一輪の花と旅人
咲きつづけて一輪の花
花の美しさの前では太陽の光もかすむ
咲き誇って一輪の花
花の周りを蝶が飛んで彩りを添える
花を閉じても一輪の花
花に陰りが見えても妖艶な匂いを放つ
枯れ果てても一輪の花
私の頭の中で咲きつづけている
――
穏やかな日がつづいている。日差しは柔らかい。ちぎれちぎれになった雲が流されていく。ときおり、風が吹いて寒さを思い出す。
旅人は羽織っているマントを体に強く巻きつけた。両手で自らの体を抱いて温めようとする。手の感触。長いこと、人と触れ合っていない。紛らわすように、旅人は足を早めた。
ぐねぐねと曲がった道は、これから山へ入ろうとしている。山には深い緑色をした木々に混じって、紅葉している木が見えた。山頂はうっすらと白く霞んでいる。連なった山々がそびえ立つ。
山に入る手前に、日当たりのいい場所があった。いい香りが漂っている。旅人は野原に寝転がり、空を眺めた。淡い青が広がっていた。

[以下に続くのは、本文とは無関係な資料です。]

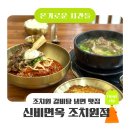 온기면옥 | 조치원 갈비탕 냉면 맛집 신비면옥 |푸짐한 거대갈비탕・우대냉면・녹두전 2인세트 후기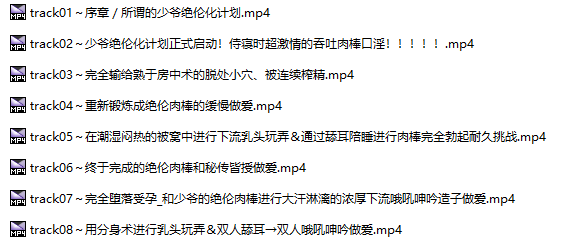 【汉化音声/5.7GB/2小时】女忍者之母、想要用熟练的房中术来锻炼年轻肉棒～使少爷变得精力绝伦的计划♪【简体中文版】#秋山はるる-第3张图片-萌站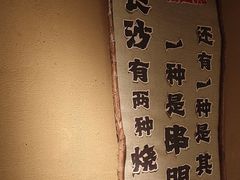 -串盟烧烤大排档·长沙美食地标(星沙店)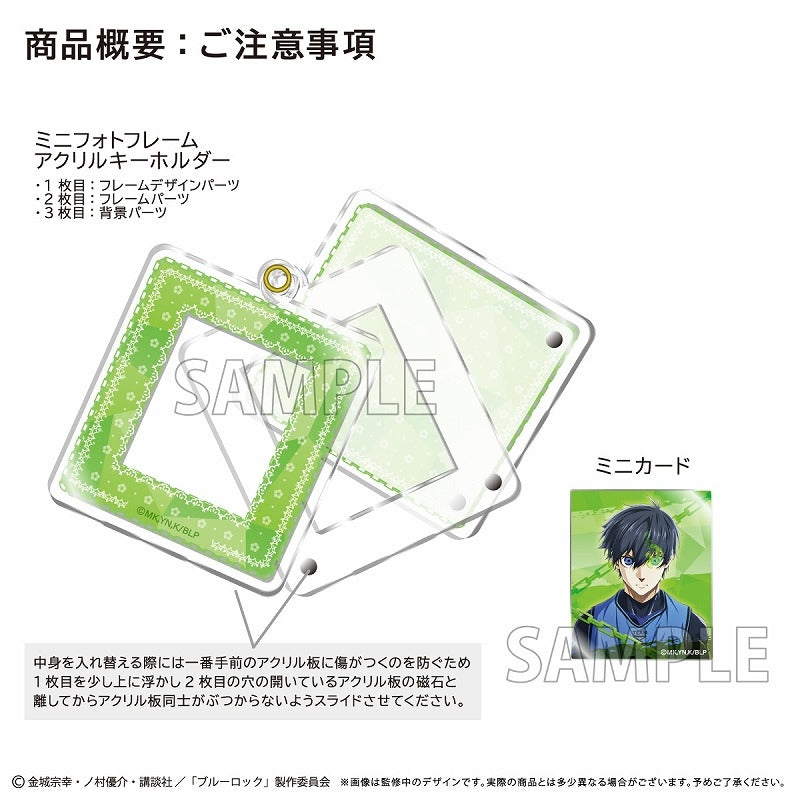 (Goods - Photo Frame) Blue Lock The Movie: Episode Nagi Mini Photo Frame Acrylic Key Chain Seishiro Nagi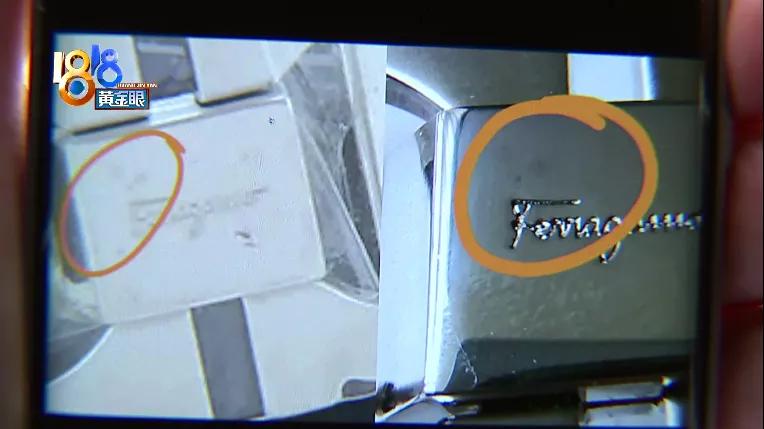 买腰带发现带子旧可以换吗,买回来的皮带是次品可以投诉么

いい香りが鼻の奥を刺激する。匂いはどこからだろう。辺りを見渡すと、一輪の赤い花が咲いていた。旅人はもっと匂い嗅ごうと、手を近づけた。
「触らないでちょうだい」
甲高い声で花が言った。
「あたしのこと、摘もうとしたでしょう? 人間って野蛮ね」
花はなにか言う度に、匂いを放った。旅人の頭はくらくらする。
「ごめんよ。でも、摘むつもりはなかった。いい香りがしていたから、もう少し嗅ごうとしただけだよ」
「あら、そう。あたしは美しい花だから、仕方ないわね」
花は茎をぴんと伸ばした。花弁がよりひらく。
「君はここで、ひとりなのかい?」
旅人は花の香りにうっとりとしながら尋ねた。
「ええ。昔はあたしの仲間もたくさんいたの。でも、みんな人間が摘んでいってしまったわ」
旅人はきまりの悪そうな顔をする。
「それは申し訳ないことをした」
花は茎を揺らして笑う。
「どうしてあなたが謝るの? あなたは悪いことしてないじゃないの。それに、摘まれていったとはいえ、人間の村で株を増やしてもらっているみたいだから、悪いことばかりじゃないのよ」
「でも、君はひとりで寂しいだろう?」
「人間の発想ね。あなたはきっと、傷ついている。だから、あたしのことが寂しく見えるし、あたしの声も聞こえてしまう。おあいにく様。あたしには、太陽も、月も、空も、風も、雨も、鳥も、虫も、星も、いろんなものが傍にいてくれるわ」
「そうか。君はひとりじゃないんだね」
「そうよ。あたしのような美しい花。みんなが放っておくなんてありえない。みんな、あたしのことを大事にしてくれるわ。あなたにはわからないかもしれないけど」
旅人は苦笑いする。
「私も君のためになにかしてあげたい。いいだろうか?」
花は茎を捻って花弁を旅人から逸らした。
「あなたって寂しがり屋さんでしょう? いいわよ。あたしのために、あなたができること、なにかしてちょうだい」
旅人は香りを楽しみながら花を観察する。花の葉っぱが少し黄色くなっていることに気がついた。呪文を唱える。みるみるうちに、黄色い葉っぱは若々しい黄緑色の葉っぱへと変わった。
花は葉っぱを見て、うふふ、と笑った。
「もうすぐ枯れてしまうのにね。でも、ありがとう。若返った気分よ。あなたのこと、ずっと覚えておいてあげる」
いままで一番甘い香りを花は放った。旅人は目を瞑り、香りを楽しんだ。
「私のことなんて、忘れてしまっておくれ。私のことを誰も知らない。そんな土地へ行きたいんだ」
「やっぱり、寂しがり屋さんね。そういうこと、気にするんですもの。決めたわ。あたしは意地悪だから、あなたのこと、忘れてあげない」
「それは、困ったな」
旅人と花は互いに笑う。
花は旅人を見送るために、力いっぱい甘い香りを放った。
しばらくのあいだ、旅人は頭がくらくらとしながら道を進んだ。懐かしい匂いが旅人の胸の中に広がった。花を思い出しては、匂いを嗅ぐのだった。